Toronto Maple Leaf fans at a game during the 2017 Stanley Cup Playoffs. (Tom Szczerbowski/USA TODAY Sports)
By: Waverly Neufeld and Raizel Harjosubroto
With 100 years of the NHL being celebrated this year, Canadians are coming together to celebrate hockey’s role in their culture.
Today’s young hockey players are gaining skills faster than ever before. Buffalo Sabres coach Andrew Allen said that his ten-year-old son has better coaching than he did as a child.
“They have more personal coaching and there’s better strength and conditioning techniques. The science behind it all, they have way more tools at their disposal. You see them developing quicker and younger,” he said.
As the culture surrounding hockey is becoming more positive, former minor league hockey player Hannah Johnston believes that young people can benefit from playing the sport.
“With most team sports…you learn cooperation, teamwork and compromise,” she said. “You might not always get your way or get along with everyone on your team, but you will learn things like how to make friends and how to behave in social situations. So I think it’s a good idea for kids to play team sports like hockey.”

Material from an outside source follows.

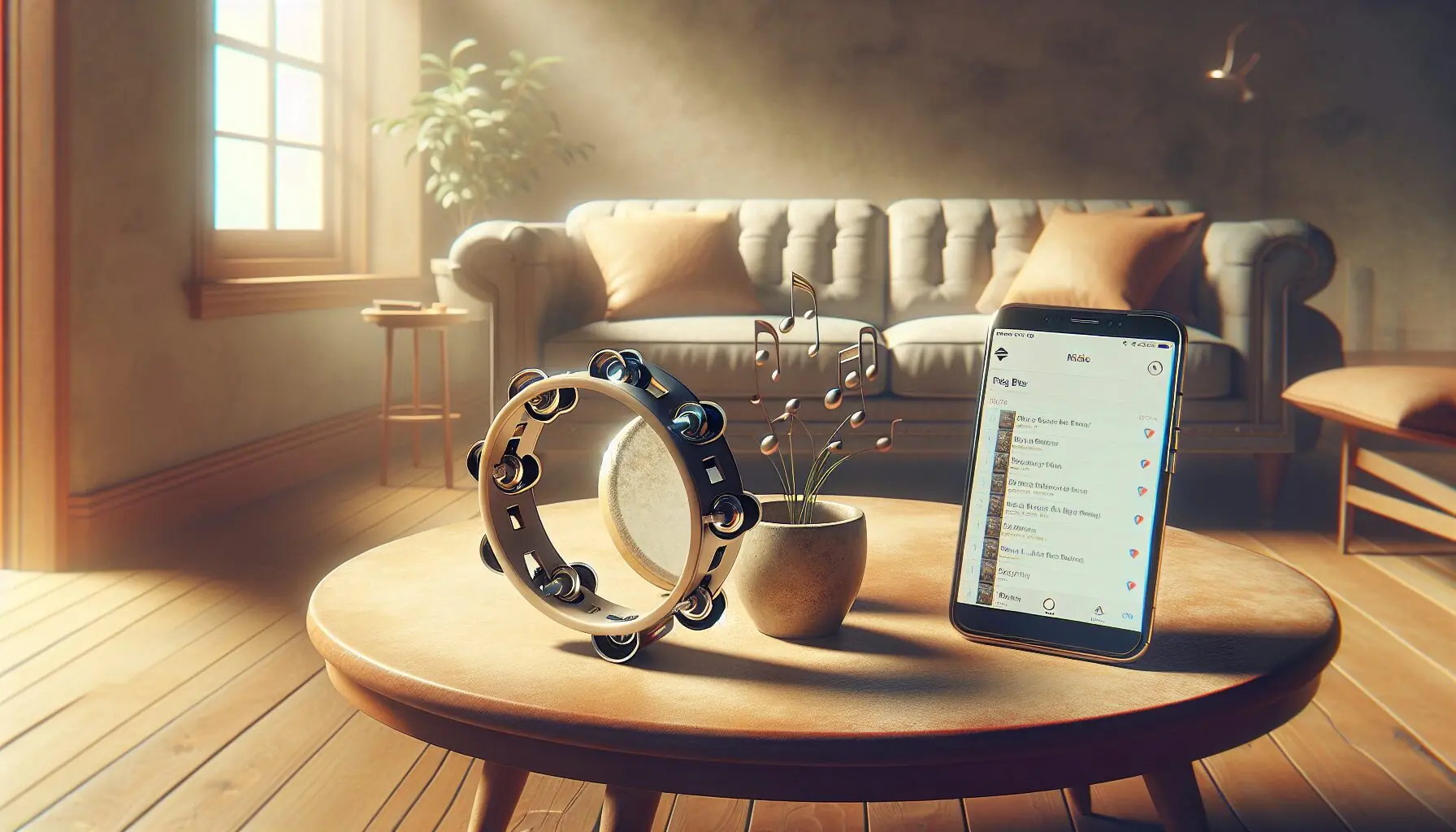 Generate an image of a cheerful child holding a tambourine, surrounded by playful music icons.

While hockey brings teamwork and cooperation out of young players, it gets more serious as the athletes mature. Casim Shaikh, a minor league player for Everest Academy, said that hockey was designed to be more enjoyable as a kid.
“When you’re younger if you do something wrong in a game you still end up playing without sitting, at my age now, if you mess up, you’re going to sit so you won’t harm the team’s ability to win.”
The competitiveness, for some, is the best part. “I like the competitive aspect and just being on a team full of friends,” said James Hamlin, a Ryerson intramural hockey player.
Not everyone plays hockey for its competitiveness, but simply for the fun it brings. Liam Bell, first-year engineering student, said that it’s a sport that unifies the country.
“It brings us Canadians together and when winter comes around, you can make a full-on ice ring out of a pond and everyone can just go play.”